I’d say, almost certainly: Yes. Hershiser was coming off three seasons when he led the league in inning pitched, and over those three years he went 54-39 with a 2.55 ERA (141 ERA+). And here’s something that kind of shocked me — Hershiser was actually better ON THE ROAD during those years. I expected that a big part of his success was pitching in Dodger Stadium, but in his amazing 1988 season, he was 11-5 with a 2.31 ERA at home and 12-3 with a 2.21 ERA on the road. The next year, his road ERA was 1.93 (compared to 2.71 at home) and he gave up, get this THREE HOMERS on the road all year. He was a dominant pitcher wherever he went, kind of Greg Maddux before Greg Maddux.

In April 1990, Hershiser blew out his rotator cuff, and he was never a great pitcher again. But he was still a good pitcher, enough to win 204 games and post a 112 career ERA+.

I don’t think Hershiser is the best eligible pitcher not name named Clemens who is absent from the Hall of Fame — I think it could be Kevin Brown or David Cone or Jim Kaat or Tommy John or Wes Ferrell or Billy Pierce or Rick Reuschel or Dave Stieb or, well, it depends on your definition of what makes a great pitcher. But I do think Hershiser was truly excellent — Hall of Fame excellent — until he got hurt.

  1. It seems to me that the biggest outliers voted in by the BBWAA at each position are:

1B: Tony Perez. Elected for his leadership, his RBI prowess and for being at the center of great teams. Similar players not in the Hall of Fame: Dave Parker, Rusty Staub, Harold Baines.

2B: No outliers. Best second baseman not in the Hall of Fame: Lou Whitaker.

SS: Rabbit Maranville, Elected many years ago when the BBWAA was a different kind of organization. Similar players not in the Hall of Fame: Dave Concepcion, Bert Campenaris and Bill Dahlen.

3B: Pie Traynor. Elected when there really weren’t any great third basemen. Similar player not in the Hall of Fame: Stan Hack. Third basemen who were clearly better who are not in the Hall of Fame: Ken Boyer, Graig Nettles.

LF: Jim Rice. Elected for his fearsome reputation and for being a slugger when the name did not carry the connotations of the 1990s. Similar players not in the Hall of Fame: Dale Murphy, Dwight Evans, George Foster, Albert Belle, Dick Allen.

CF: Kirby Puckett. Elected in an emotional sweep and because he was such a striking player. Similar players not in the Hall of Fame: Kenny Lofton, Don Mattingly, Tony Oliva.

RF: No outliers. Best right fielder not in the Hall of Fame: Dwight Evans.

C: No outliers. Maybe Roy Campanella, but he was obviously a very different case.
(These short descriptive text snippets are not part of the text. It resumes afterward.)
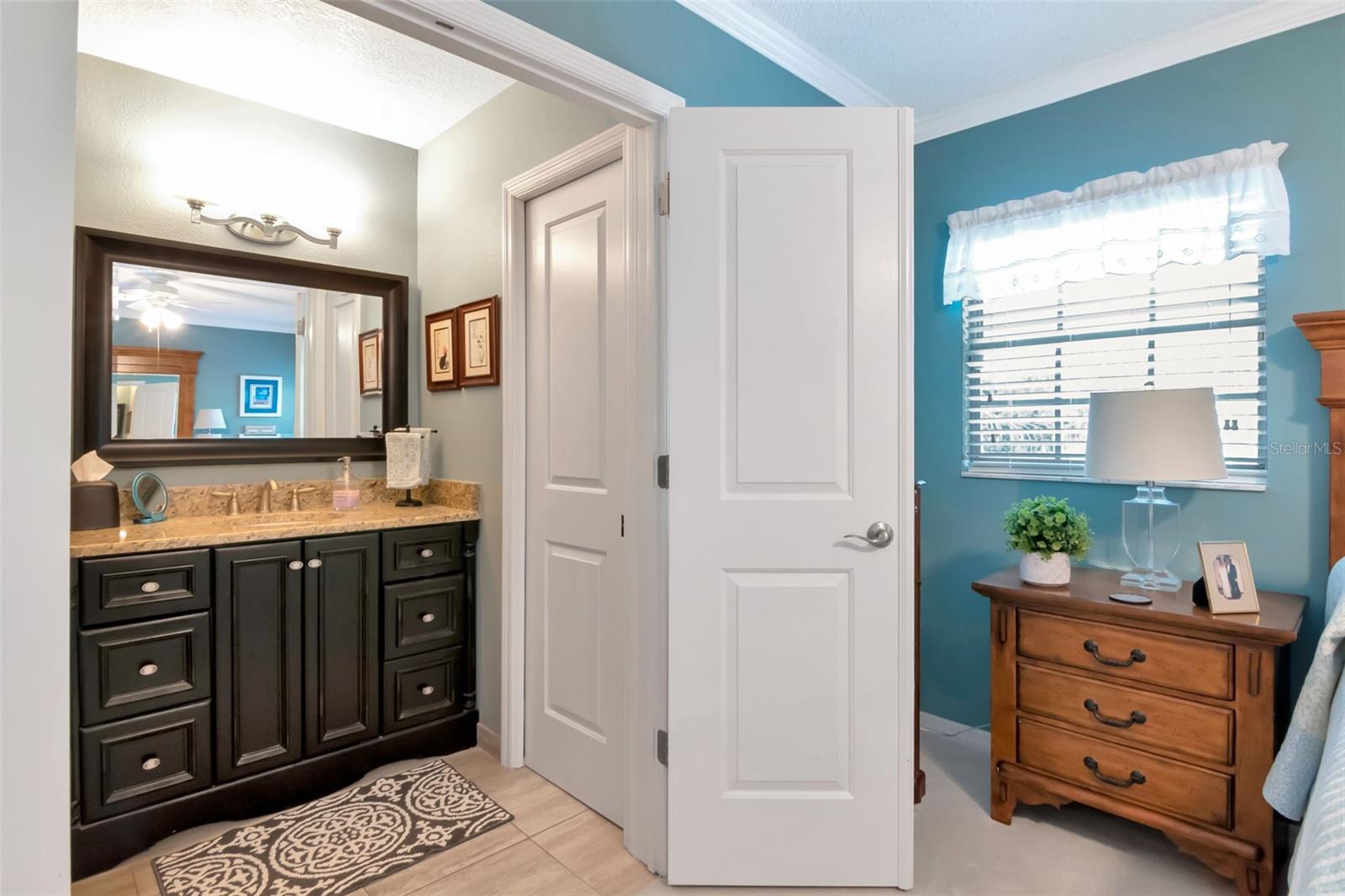 updated primary bath is accessible via double doors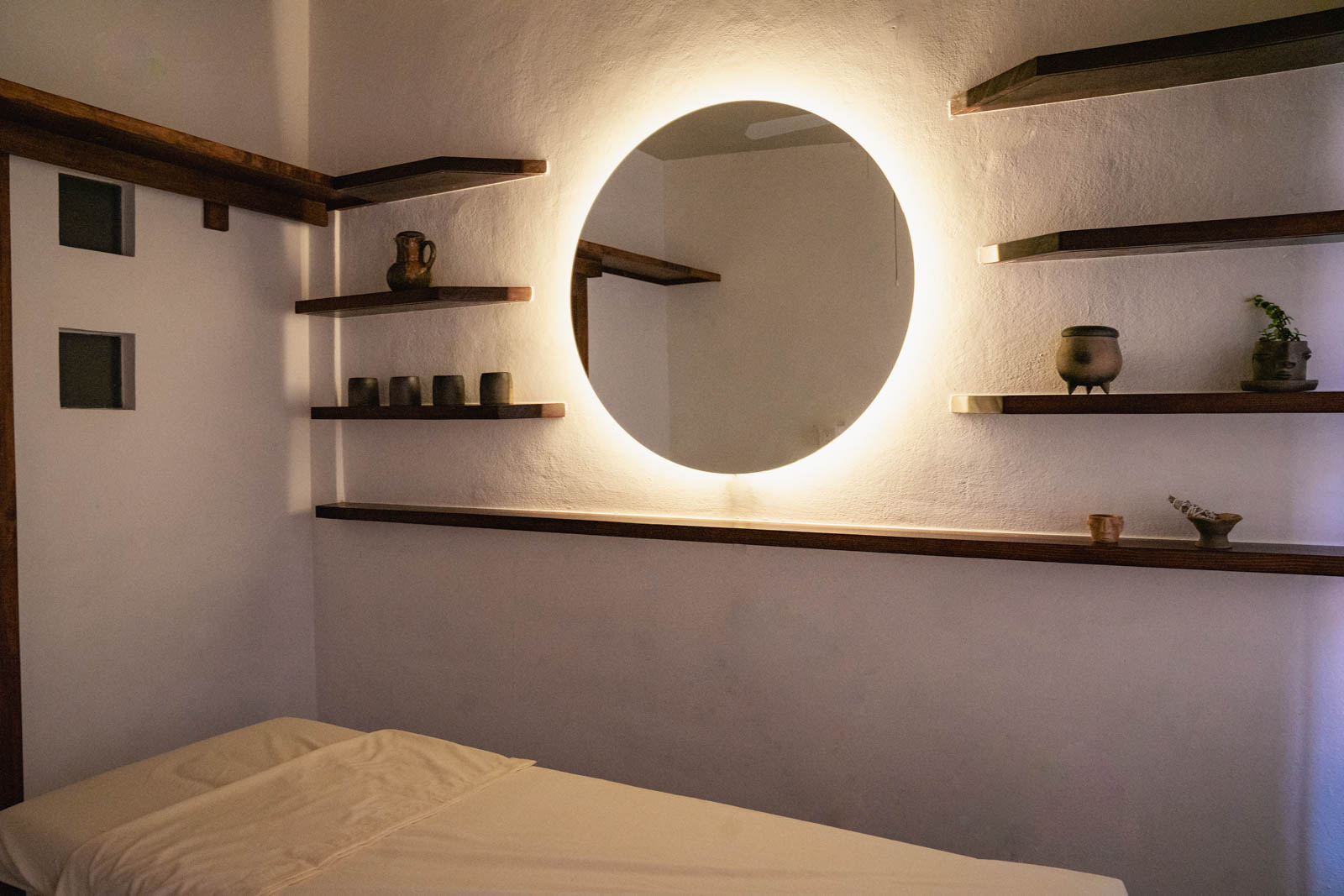 A serene bedroom at Casa de Portales with a round illuminated mirror and wooden shelves.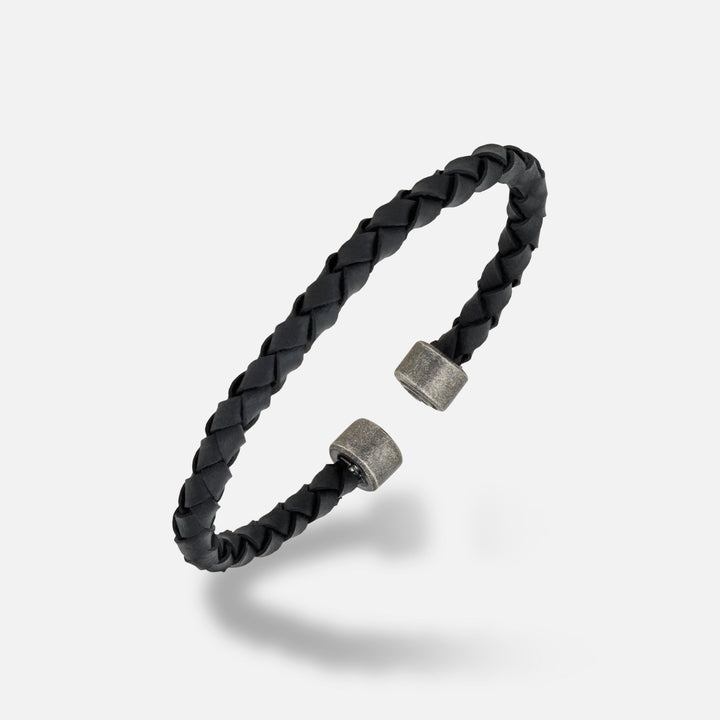 MARCO DAL MASO Acies Leather Cuff featuring braided black leather, oxidized silver end caps, and black enamel detailing, shown in an angled product view against a light background.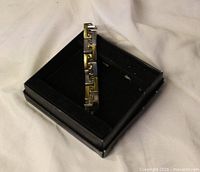 Bracelet shown in presentation box highlighting two-tone Greek key links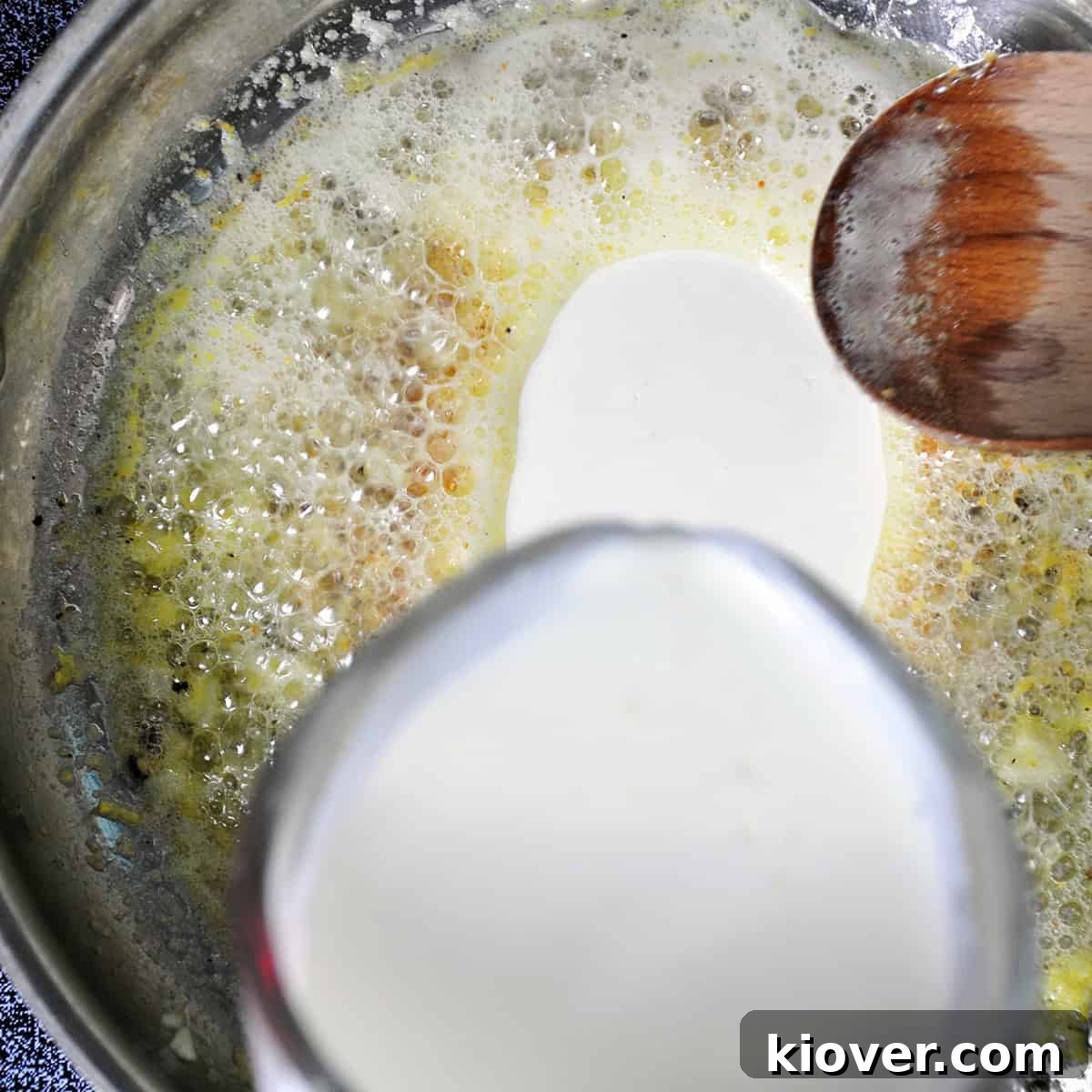 Thick heavy cream being poured into the simmering lemon butter sauce in a pan, creating a creamy base.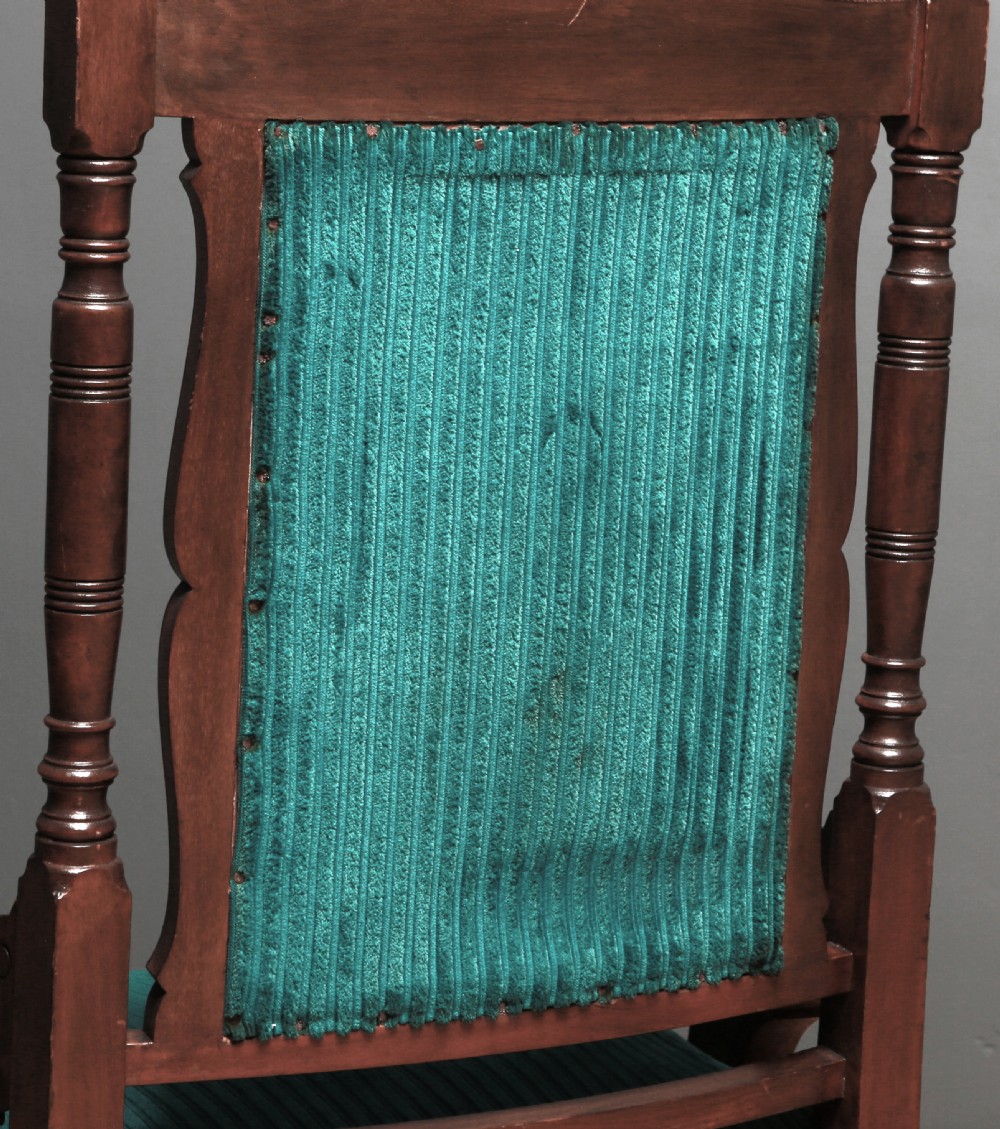 A Victorian carved walnut fireside chair featuring green corded upholstery, turned legs on castors, and decorative backrest details. View XI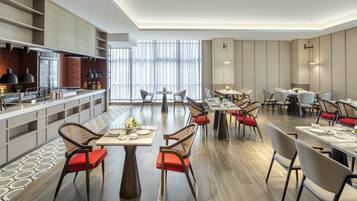 A modern restaurant with multiple dining tables and chairs, a kitchen area, and large windows allowing natural light.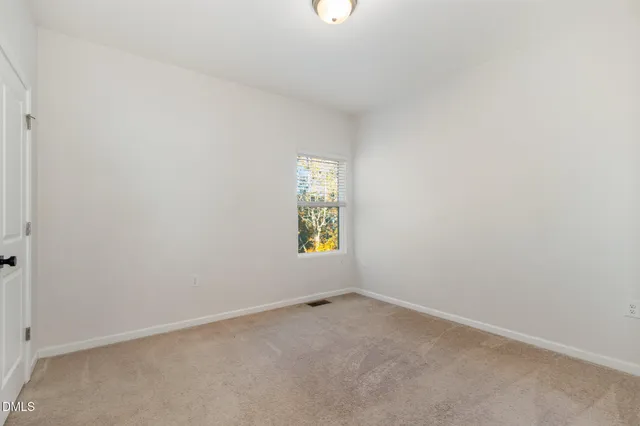 an empty room with window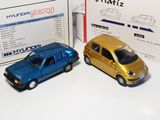 two toy cars sitting next to each other on a table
Best catcher not in the Hall of Fame: Ted Simmons or Joe Torre.

Print Friendly, PDF & Email

32 Responses to Hall of Fame Leftovers

  1. mkd says:

    For a kid’s baseball history book I’m working on I had to come up with a list of 81 baseball legends. Starting in 1901, I believe there are 45 Indisputable choices. These are the players I will spend no time attempting to justify in the Parent’s Index:

    Cy Young, Napoleon Lajoie, Honus Wagner, Christy Mathewson, Ty Cobb, Eddie Collins, Walter Johnson, Tris Speaker, Grover Cleveland Alexander, Babe Ruth, Rogers Hornsby, Lou Gehrig, Lefty Grove, Jimmie Foxx, Mel Ott, Joe DiMaggio, Bob Feller, Ted Williams, Stan Musial, Warren Spahn, Yogi Berra, Jackie Robinson, Mickey Mantle, Willie Mays, Eddie Mathews, Al Kaline, Hank Aaron, Roberto Clemente, Sandy Koufax, Frank Robinson, Bob Gibson, Carl Yastrzemski, Joe Morgan, Steve Carlton, Tom Seaver, Johnny Bench, Mike Schmidt, George Brett, Rickey Henderson, Cal Ripken Jr., Wade Boggs, Greg Maddux, Randy Johnson, Ken Griffey Jr., Pedro Martinez.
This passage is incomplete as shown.